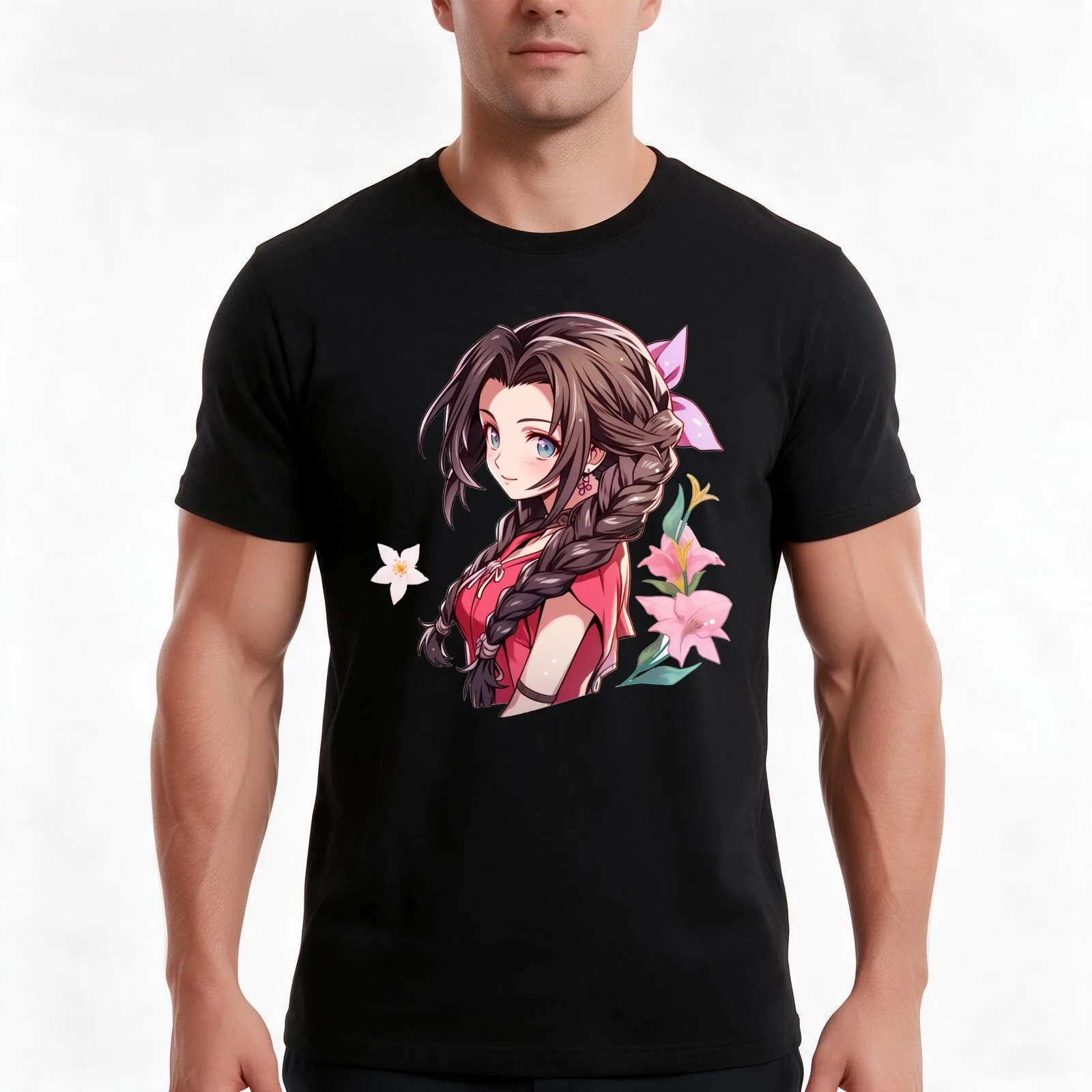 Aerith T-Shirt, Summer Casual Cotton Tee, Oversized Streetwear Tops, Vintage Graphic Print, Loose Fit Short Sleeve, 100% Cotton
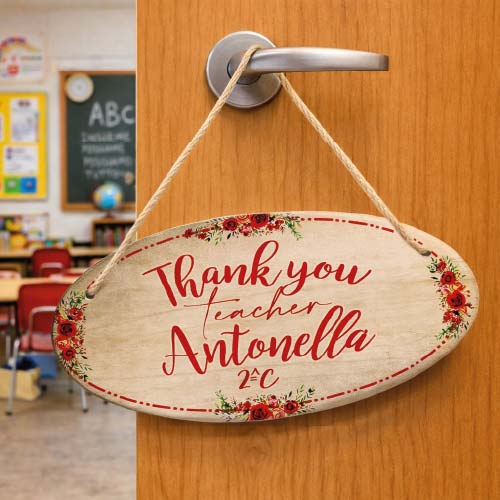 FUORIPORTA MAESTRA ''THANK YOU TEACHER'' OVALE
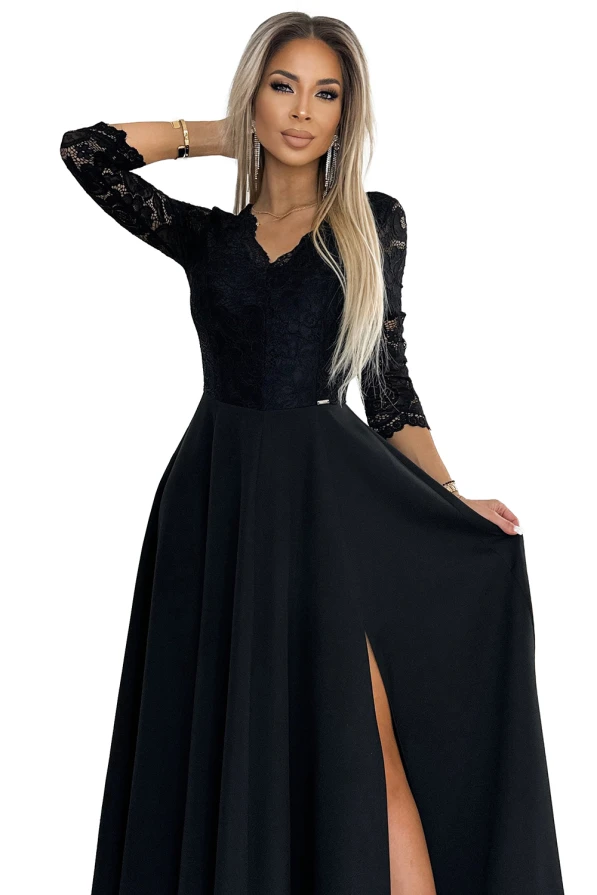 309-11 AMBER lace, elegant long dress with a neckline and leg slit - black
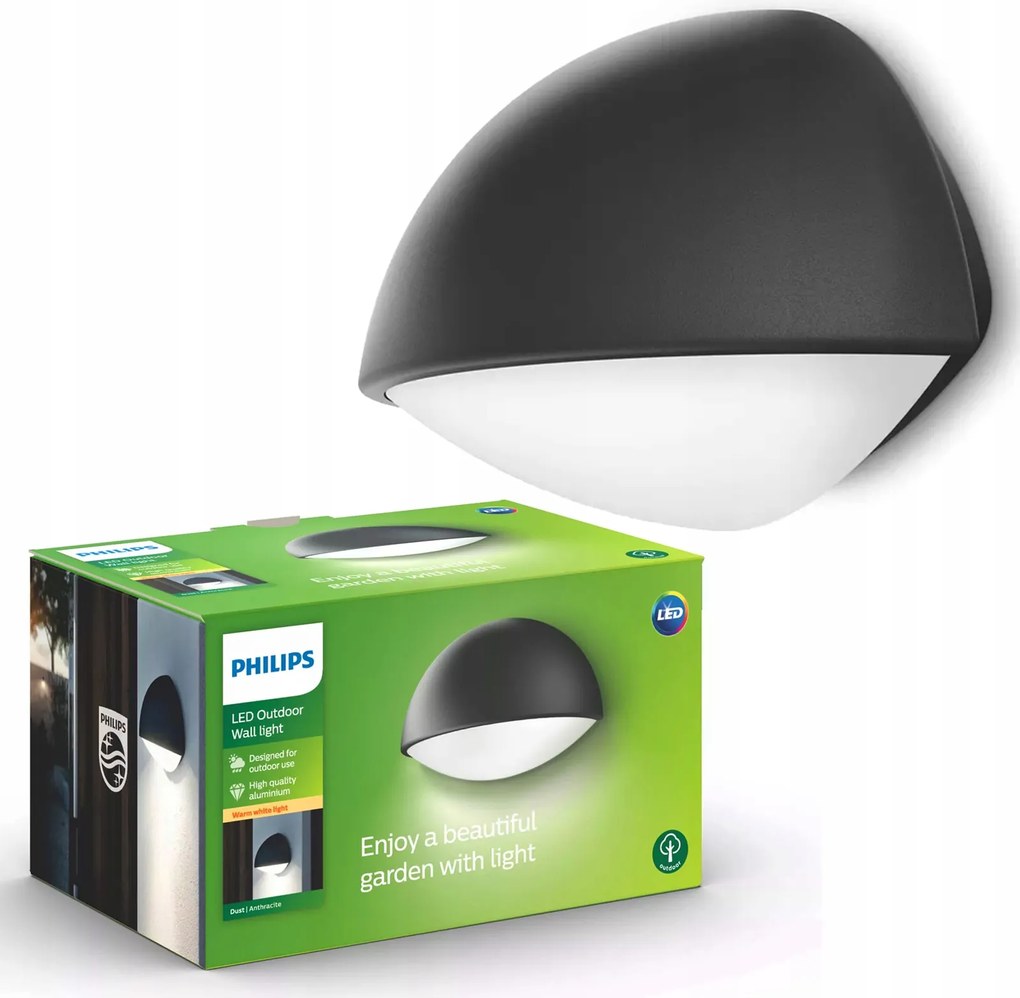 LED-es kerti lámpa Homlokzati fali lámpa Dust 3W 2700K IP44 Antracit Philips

────────────────────

◆ Your task: What this calls for is the material above set down exactly, pictures excluded.

◆ Result of this exercise:
 Aerith T-Shirt, Summer Casual Cotton Tee, Oversized Streetwear Tops, Vintage Graphic Print, Loose Fit Short Sleeve, 100% Cotton
 FUORIPORTA MAESTRA ''THANK YOU TEACHER'' OVALE
 309-11 AMBER lace, elegant long dress with a neckline and leg slit - black
 LED-es kerti lámpa Homlokzati fali lámpa Dust 3W 2700K IP44 Antracit Philips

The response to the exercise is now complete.